Nathan Cooper is presenting a paper today at the 11th International Conference on Hydroinformatics, in New York City.
The paper, Exploring the impact of smart water pumps on communities in Malawi and South Africa, draws on College-funded interviews and fieldwork Nathan undertook at Easter.
Nathan says: “It’s a great opportunity to share findings and ideas with a specialist audience, and to be able to discuss the legal and social aspects of new water technology”.
International and European Law Research Seminar 2 April 2014
Dr Kwadwo Appiagyei-Atua gave a talk on ‘Contributionism or Twailism: A Critical Review of African Perspectives on International Law’
The presentation was devoted to introducing African perspectives into International Law, which has remained to a large extent predominantly Euro-centric in doctrine, theory and practice.
Dr Appiagyei-Atua provided a critique of two main schools developed by African scholarship in reaction to the European ‘hegemonic’ influence in International Law, namely, Contributionism and Third World Approaches to International Law (TWAIL). The former seeks to reclaim, reconstruct and rehabilitate the neglected and denigrated African past and put it on an even keel with Europe. In so doing it contends that Africans participated in shaping International Law and that their contribution should be thus acknowledged and recognised. The latter, seeks to expose the exploitative side of International Law and present an alternative normative model that pays attention to justice and fairness in order to eradicate conditions of underdevelopment.
Dr Appiagyei-Atua’s critique unravelled a new middle-ground approach, that of recognitionism. This new perspective locates itself within the pre-colonial era to uncover the origins of International Law in Africa and contends that African regions developed notions of primitive International Law within their own limited geographical spaces before contact with Europe and other civilisations.
Dr Appiagyei-Atua concluded by showing how the contributions from Africa and other developing countries are only piecemeal and have mainly come through the United nations system without significantly altering the current International legal order.
Dr Appiagyei-Atua is currently a Marie Curie Fellow at the Centre for Educational Research and Development of the University of Lincoln. He is also Senior Lecturer at the Faculty of Law, University of Ghana, Legon, Accra. At present he is writing a book entitled Commonwealth African Perspectives on Public International Law.

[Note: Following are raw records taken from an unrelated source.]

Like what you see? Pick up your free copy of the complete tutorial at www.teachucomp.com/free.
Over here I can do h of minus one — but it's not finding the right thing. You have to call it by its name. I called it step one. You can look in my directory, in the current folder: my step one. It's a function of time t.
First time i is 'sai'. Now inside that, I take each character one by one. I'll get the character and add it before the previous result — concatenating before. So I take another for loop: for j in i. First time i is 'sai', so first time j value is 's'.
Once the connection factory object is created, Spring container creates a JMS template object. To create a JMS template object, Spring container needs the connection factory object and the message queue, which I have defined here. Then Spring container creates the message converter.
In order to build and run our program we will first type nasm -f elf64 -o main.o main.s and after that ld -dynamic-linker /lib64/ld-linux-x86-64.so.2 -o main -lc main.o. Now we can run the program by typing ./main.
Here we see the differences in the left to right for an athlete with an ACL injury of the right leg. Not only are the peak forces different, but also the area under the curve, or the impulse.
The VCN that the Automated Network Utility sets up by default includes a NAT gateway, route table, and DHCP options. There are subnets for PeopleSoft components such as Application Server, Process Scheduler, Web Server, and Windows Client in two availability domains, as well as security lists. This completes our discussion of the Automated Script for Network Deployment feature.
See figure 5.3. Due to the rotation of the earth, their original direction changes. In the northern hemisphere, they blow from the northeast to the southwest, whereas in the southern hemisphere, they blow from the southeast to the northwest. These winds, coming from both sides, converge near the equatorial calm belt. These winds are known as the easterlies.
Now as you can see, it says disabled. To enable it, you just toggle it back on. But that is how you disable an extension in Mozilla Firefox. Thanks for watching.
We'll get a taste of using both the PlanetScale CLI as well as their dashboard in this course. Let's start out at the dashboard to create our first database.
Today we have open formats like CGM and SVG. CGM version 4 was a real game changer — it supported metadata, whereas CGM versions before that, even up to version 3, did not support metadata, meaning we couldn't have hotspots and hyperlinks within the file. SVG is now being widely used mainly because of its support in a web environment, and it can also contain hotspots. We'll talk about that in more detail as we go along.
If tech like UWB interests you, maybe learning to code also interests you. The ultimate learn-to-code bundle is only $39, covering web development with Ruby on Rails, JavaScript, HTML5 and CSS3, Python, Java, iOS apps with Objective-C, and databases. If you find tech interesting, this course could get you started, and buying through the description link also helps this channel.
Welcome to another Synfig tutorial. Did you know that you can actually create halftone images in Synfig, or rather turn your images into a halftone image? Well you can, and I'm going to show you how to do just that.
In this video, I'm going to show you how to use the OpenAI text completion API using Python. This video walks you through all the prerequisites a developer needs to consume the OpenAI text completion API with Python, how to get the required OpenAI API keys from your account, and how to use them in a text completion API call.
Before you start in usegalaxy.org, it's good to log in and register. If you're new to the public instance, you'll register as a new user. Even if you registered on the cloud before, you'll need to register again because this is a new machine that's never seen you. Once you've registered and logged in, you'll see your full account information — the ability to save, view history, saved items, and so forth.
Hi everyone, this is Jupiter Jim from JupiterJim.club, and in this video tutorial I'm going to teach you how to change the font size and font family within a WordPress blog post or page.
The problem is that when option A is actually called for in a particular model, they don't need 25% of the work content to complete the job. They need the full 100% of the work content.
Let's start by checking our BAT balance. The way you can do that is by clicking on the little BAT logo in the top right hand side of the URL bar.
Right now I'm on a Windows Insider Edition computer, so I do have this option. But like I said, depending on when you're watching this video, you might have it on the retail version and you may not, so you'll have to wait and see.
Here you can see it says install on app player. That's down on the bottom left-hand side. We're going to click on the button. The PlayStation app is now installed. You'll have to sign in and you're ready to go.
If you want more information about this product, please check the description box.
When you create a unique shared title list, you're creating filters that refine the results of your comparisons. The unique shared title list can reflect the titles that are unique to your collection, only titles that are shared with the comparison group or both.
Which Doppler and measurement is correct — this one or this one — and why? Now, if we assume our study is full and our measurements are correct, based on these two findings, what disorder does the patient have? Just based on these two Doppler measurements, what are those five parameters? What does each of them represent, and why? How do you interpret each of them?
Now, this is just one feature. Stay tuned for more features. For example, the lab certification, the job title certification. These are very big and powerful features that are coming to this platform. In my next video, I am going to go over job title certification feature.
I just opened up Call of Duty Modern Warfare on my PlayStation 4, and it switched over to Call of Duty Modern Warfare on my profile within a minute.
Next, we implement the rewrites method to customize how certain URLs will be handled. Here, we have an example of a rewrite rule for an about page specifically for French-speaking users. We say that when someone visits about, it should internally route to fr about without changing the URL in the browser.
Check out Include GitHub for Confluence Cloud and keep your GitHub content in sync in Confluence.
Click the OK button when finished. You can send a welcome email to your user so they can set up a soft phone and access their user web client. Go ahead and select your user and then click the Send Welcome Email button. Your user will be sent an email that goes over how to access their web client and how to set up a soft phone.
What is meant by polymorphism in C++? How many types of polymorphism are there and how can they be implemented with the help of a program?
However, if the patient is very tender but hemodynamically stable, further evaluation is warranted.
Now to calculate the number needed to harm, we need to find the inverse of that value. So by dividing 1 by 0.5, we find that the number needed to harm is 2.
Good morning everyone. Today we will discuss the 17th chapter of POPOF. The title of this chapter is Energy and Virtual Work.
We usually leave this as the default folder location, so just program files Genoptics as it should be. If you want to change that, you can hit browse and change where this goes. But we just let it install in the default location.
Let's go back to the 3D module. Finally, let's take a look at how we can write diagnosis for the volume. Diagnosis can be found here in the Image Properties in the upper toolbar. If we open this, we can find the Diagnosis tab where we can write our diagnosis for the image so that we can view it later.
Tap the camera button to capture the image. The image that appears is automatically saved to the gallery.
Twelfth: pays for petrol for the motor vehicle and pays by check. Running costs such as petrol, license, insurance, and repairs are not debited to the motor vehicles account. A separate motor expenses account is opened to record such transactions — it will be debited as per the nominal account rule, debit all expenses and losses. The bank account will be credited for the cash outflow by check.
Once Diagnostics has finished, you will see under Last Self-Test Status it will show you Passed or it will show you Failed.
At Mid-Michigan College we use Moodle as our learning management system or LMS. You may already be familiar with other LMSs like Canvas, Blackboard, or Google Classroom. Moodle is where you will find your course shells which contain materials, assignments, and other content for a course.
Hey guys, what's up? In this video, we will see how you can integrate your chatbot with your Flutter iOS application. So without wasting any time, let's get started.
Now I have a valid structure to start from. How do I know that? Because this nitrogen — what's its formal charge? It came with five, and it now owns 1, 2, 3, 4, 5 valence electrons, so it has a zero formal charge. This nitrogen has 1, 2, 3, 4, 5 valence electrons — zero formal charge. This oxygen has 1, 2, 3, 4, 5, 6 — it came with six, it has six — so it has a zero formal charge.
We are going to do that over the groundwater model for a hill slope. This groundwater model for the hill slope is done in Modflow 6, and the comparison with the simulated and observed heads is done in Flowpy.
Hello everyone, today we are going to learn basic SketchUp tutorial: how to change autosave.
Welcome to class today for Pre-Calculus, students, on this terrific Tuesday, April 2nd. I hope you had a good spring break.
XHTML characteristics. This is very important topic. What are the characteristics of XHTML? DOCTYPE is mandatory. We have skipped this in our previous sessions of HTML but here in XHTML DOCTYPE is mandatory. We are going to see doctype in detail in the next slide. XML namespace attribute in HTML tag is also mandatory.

Dr Velluti recently gave a presentation entitled ‘The Evolving Social Dimension of EU External Trade Relations – Some Reflections on Coherence’ at the International Workshop on Fostering Labor Rights in the Global Economy, held at the KU Leuven Centre for Global Governance Studies of the University of Leuven on 20 and 21 February 2014 and co-organised together with GRESI, a scientific research community funded by the Flemish Fund for Scientific Research (FWO) and coordinated by the University of Ghent. The Workshop is part of the large-scale EU Seventh Framework Programme (FP7) research project on “Fostering Human Rights among European Policies” (FRAME).
The paper provided a critical review of how labour provisions have been incorporated in the European Union’s (EU) international trade agreements and the various goals pursued in combination with the mechanisms employed to achieve them. This analysis is particularly prominent and made necessary by fundamental changes introduced by the 2009 Treaty of Lisbon in relation to the EU’s Common Commercial Policy (CCP) and the increased powers of the European Parliament which now has to give its consent to the ratification of international trade agreements. In examining how the EU has been increasingly inserting human rights clauses and social norms in its international trade agreements with third countries, Dr Velluti explored certain coherence, consistency and legitimacy aspects of the EU’s role as a global human rights actor which directly concern the future trajectory of social and labour rights in EU external trade relations.